Gills free, close, up to 1.5 cm broad, cream-colored, in age buff-brown to greyish-olive, the edges often brown; lamellulae two to three-seried, uncommon.
Stipe 2.5-6.5 cm long, 1.0-2.0 cm thick, stuffed, slightly enlarged to sub-bulbous at the base; surface in youth, white, inconspicuously fibrillose to sparsely squamulose, bruising dull vinaceous-brown, then grey-brown, or in older material, directly grey-brown, context discoloring like the surface; partial veil membranous, white, thick, felty, forming a superior, buff to tan-colored annulus, with a double-edged, torn margin.
Spores 9.0-11.5 x 6.5-8.0 µm, elliptical to ovate in face-view, some apically truncate, strongly inequilateral in side-view with a well-developed belly, smooth, moderately thick-walled, dextrinoid, hilar appendage appendage prominent; spore print dull-olive to ochraceous.
Scattered, gregarious, or in rings, primarily in grass, occasional in parks and gardens; fruiting during the summer months, common in the Central Valley and Southern California, rare in northern California coastal areas.
Toxic, causes gastrointestinal upsets; see "Comments" regarding confusion with Chlorophyllum rachodes & C. brunneum.

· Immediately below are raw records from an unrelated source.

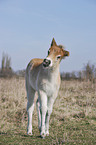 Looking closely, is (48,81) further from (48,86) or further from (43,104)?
(43,104)

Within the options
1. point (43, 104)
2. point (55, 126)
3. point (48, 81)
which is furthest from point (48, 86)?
point (55, 126)

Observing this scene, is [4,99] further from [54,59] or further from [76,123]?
[54,59]

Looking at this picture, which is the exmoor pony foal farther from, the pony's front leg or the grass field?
the grass field

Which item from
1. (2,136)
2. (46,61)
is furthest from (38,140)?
(46,61)

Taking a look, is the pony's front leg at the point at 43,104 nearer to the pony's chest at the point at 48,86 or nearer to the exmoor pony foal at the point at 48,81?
the exmoor pony foal at the point at 48,81

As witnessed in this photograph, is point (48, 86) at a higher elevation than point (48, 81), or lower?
lower

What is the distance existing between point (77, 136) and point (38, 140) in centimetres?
113

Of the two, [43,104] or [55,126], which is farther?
[55,126]

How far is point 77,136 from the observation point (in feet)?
16.6

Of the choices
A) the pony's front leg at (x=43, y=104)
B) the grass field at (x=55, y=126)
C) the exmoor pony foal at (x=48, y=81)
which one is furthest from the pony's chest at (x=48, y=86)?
the grass field at (x=55, y=126)

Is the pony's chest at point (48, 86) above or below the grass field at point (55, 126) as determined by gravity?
above

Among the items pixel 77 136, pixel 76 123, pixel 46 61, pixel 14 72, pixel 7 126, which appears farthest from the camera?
pixel 14 72

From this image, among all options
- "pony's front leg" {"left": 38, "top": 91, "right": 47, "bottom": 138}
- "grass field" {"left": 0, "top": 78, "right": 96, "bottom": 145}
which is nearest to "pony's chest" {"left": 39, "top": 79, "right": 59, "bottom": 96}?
"pony's front leg" {"left": 38, "top": 91, "right": 47, "bottom": 138}

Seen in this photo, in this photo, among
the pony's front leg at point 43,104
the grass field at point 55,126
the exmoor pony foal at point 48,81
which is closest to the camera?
the exmoor pony foal at point 48,81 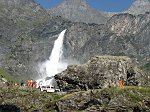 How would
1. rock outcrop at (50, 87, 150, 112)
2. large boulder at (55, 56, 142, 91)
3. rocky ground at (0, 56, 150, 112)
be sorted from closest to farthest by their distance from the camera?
rock outcrop at (50, 87, 150, 112)
rocky ground at (0, 56, 150, 112)
large boulder at (55, 56, 142, 91)

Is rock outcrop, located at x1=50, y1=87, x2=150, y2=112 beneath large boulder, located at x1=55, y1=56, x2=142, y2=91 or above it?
beneath

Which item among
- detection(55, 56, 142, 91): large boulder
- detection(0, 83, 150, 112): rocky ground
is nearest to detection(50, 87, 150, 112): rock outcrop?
detection(0, 83, 150, 112): rocky ground

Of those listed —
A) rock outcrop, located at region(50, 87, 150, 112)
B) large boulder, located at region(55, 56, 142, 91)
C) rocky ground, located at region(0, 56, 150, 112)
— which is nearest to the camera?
rock outcrop, located at region(50, 87, 150, 112)

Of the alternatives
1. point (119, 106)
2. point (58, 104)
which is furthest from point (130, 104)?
point (58, 104)

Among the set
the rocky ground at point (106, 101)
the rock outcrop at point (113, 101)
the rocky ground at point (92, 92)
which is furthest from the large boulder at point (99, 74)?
the rock outcrop at point (113, 101)

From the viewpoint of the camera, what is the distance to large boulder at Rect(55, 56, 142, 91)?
246ft

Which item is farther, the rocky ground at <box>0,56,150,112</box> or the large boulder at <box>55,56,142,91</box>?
the large boulder at <box>55,56,142,91</box>

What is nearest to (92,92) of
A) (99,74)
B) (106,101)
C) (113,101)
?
(106,101)

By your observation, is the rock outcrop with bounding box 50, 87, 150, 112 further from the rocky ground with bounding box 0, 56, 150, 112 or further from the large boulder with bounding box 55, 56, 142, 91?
the large boulder with bounding box 55, 56, 142, 91

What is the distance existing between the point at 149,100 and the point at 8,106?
33.1 metres

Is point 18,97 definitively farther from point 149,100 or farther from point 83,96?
point 149,100

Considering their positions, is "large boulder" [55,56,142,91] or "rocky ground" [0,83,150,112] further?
"large boulder" [55,56,142,91]

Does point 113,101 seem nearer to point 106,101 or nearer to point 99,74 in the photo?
point 106,101

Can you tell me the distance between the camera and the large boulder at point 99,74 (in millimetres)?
74938
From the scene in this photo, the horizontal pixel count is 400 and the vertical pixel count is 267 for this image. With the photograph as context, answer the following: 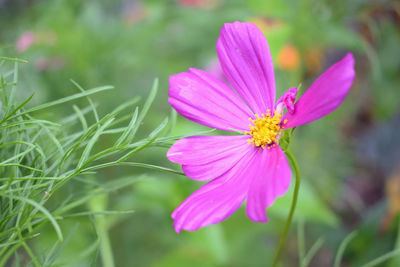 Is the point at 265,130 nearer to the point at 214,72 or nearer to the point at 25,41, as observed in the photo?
the point at 25,41

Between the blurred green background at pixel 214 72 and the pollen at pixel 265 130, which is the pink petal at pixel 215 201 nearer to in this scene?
the pollen at pixel 265 130

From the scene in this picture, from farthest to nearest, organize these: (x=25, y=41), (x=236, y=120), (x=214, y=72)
Answer: (x=214, y=72), (x=25, y=41), (x=236, y=120)

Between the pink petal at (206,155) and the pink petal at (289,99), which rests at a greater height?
the pink petal at (289,99)

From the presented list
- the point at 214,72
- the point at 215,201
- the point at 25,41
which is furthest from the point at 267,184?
the point at 214,72

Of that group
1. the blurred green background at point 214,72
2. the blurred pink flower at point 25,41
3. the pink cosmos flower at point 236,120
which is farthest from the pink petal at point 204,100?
the blurred pink flower at point 25,41

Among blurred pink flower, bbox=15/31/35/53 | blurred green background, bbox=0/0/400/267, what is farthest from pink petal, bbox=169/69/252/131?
blurred pink flower, bbox=15/31/35/53

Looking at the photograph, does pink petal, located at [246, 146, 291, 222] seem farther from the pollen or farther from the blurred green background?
the blurred green background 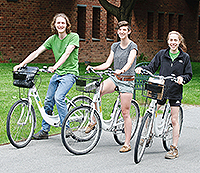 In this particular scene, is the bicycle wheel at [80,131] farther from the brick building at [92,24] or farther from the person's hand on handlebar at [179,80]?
the brick building at [92,24]

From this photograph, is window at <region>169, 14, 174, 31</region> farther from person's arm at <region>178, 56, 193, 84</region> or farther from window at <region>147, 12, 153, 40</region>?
person's arm at <region>178, 56, 193, 84</region>

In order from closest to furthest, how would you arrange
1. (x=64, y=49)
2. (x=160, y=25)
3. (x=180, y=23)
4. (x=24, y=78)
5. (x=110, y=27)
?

Chlorophyllum molybdites is a toxic look-alike of Chlorophyllum brunneum, a good edible species. The differences between these two species can be subtle, particularly when young. For that reason, those collecting for the table should use a combination of characters to make an identification. Chlorophyllum molybdites is distinguished from Chlorophyllum brunneum, by a less scaly pileus, a softer cap context at maturity, a sub-bulbous, not abruptly-bulbous stipe base, and greyish-olive gills in age. Additionally, the two species tend to be found in disimilar habitats, Chlorophyllum molybdites preferring warmer, inland locations and grass, while Chlorophyllum brunneum predominates in coastal areas, fruiting in cypress, eucalyptus duff, etc., or near compost heaps. Chlorogphyllum rachodes differs from Chlorophyllum brunneum in having an enlarged to clavate, but not abruptly-bulbous stipe, and for that reason is more likely to be confused with Chlorophyllum molybdites.
Desjardin, D.E., Wood, M.G. & Stevens, F.A. (2015). California Mushrooms: The Comprehensive Identification Guide. Timber Press: Portland, OR. 560 p.
Murrill, W.A. (1914). North American Flora: Agaricales, Agaricaceae (pars). 10(1): 1-76.
Noordeloos, M.E., Kuyper, T.W. & Vellinga, E.C. (2001). Flora Agaricina Neerlandica—Critical monographs on the families of agarics and boleti occurring in the Netherlands. Volume 5. Agaricaceae. A. A. Balkema: Lisse, Netherlands. 169 p.
Smith, A.H. (1949). Mushrooms in their Natural Habitats. Sawyer's Inc: Portland, OR. 626 p.